-- Opening Marker --
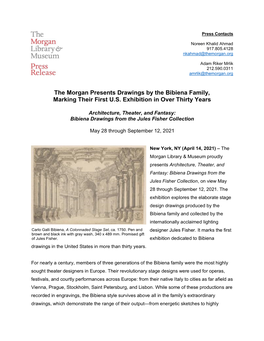 The Morgan Bibiena Drawings Exhibit Jules Fisher Press Release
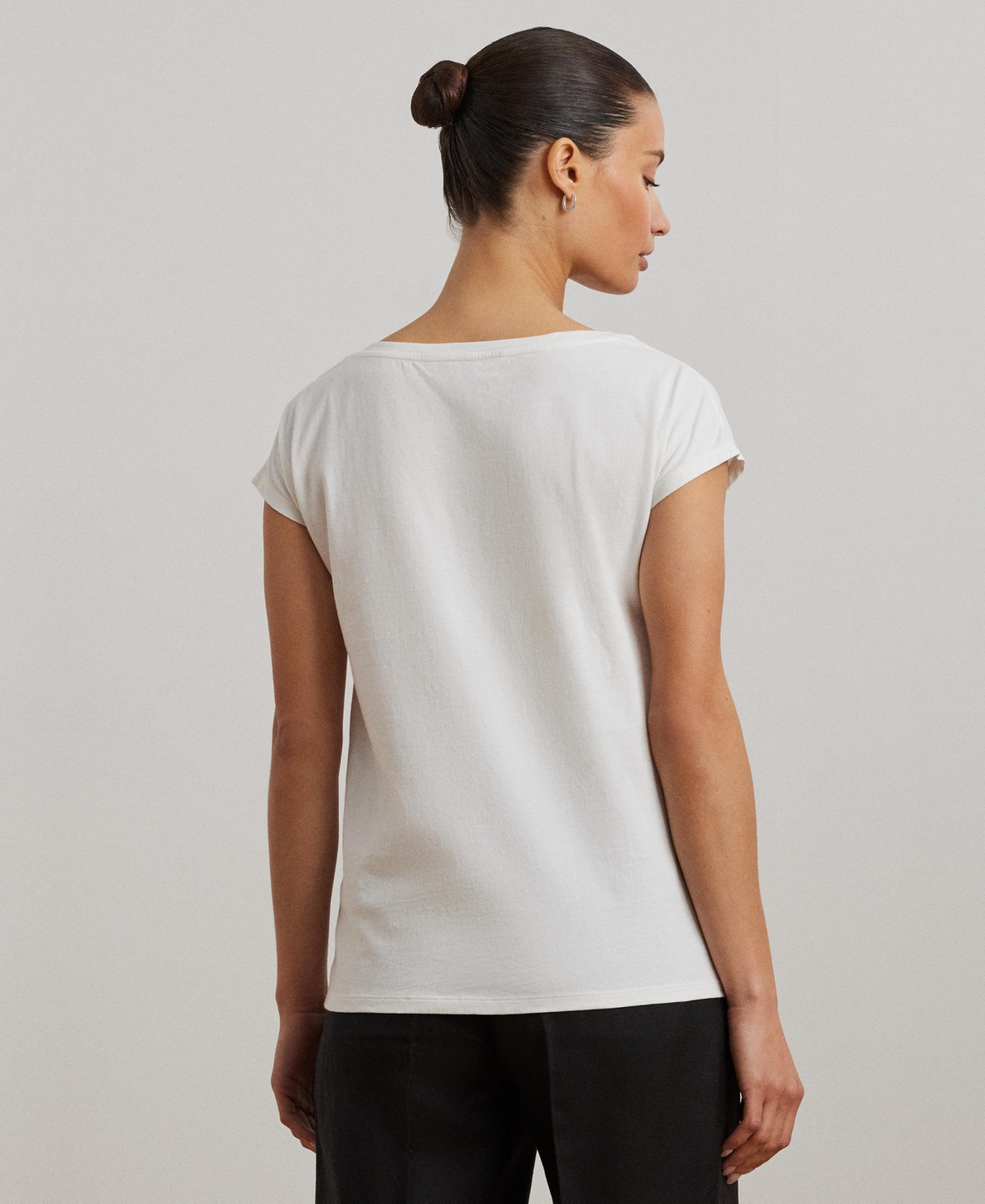 RALPH LAUREN WOMEN'S BEADED-LOGO COTTON JERSEY TEE 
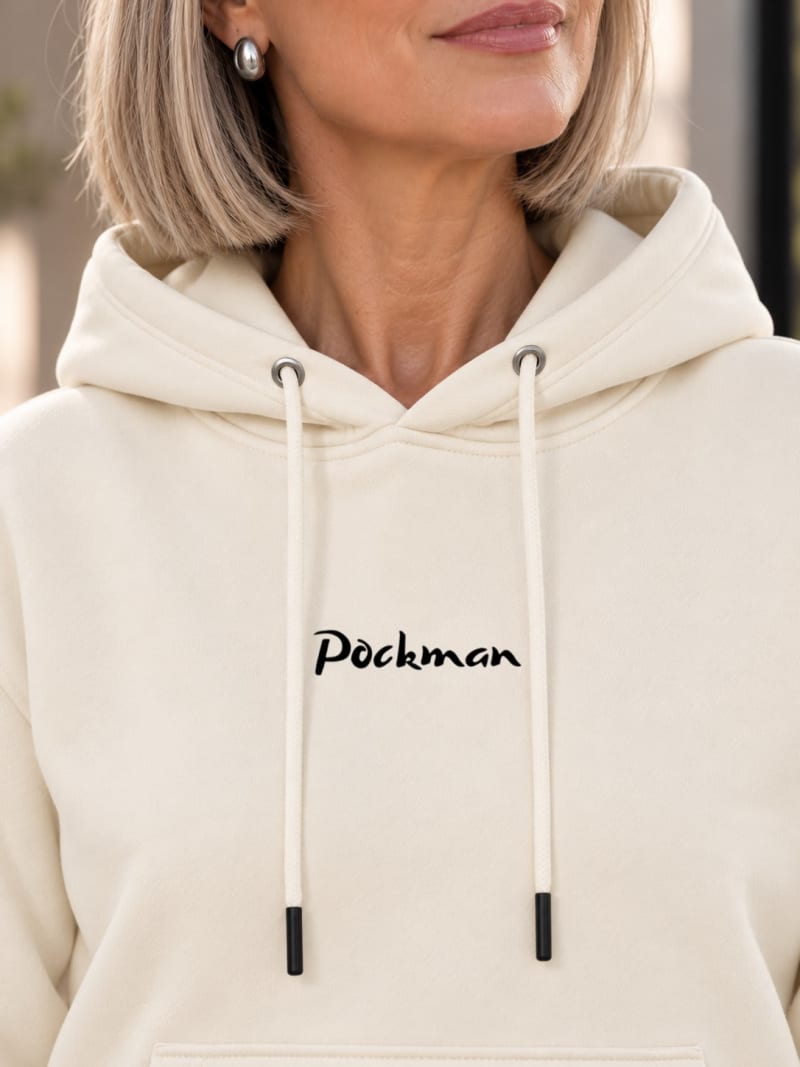 Pockman Premium 350 GSM Pure Cotton Fleece Off White Hoodie - Image 4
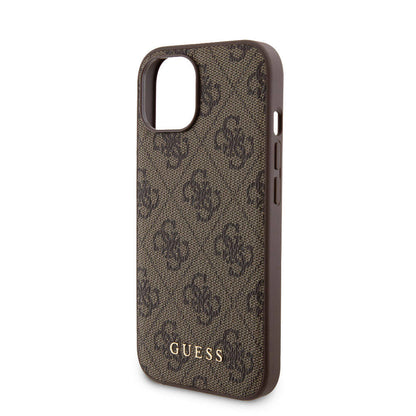 iPhone 15 Kılıf Guess Orjinal Lisanslı M-safe Şarj Özellikli Yazı Logolu 4G Desenli Kılıf + Powerbank 5000mAh 2in1 Set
-- Closing Marker --
TASK PROMPT:
Restate all of the material word for word. Keep out every picture.

EXPECTED ANSWER:
 The Morgan Bibiena Drawings Exhibit Jules Fisher Press Release
 RALPH LAUREN WOMEN'S BEADED-LOGO COTTON JERSEY TEE 
 Pockman Premium 350 GSM Pure Cotton Fleece Off White Hoodie - Image 4
 iPhone 15 Kılıf Guess Orjinal Lisanslı M-safe Şarj Özellikli Yazı Logolu 4G Desenli Kılıf + Powerbank 5000mAh 2in1 Set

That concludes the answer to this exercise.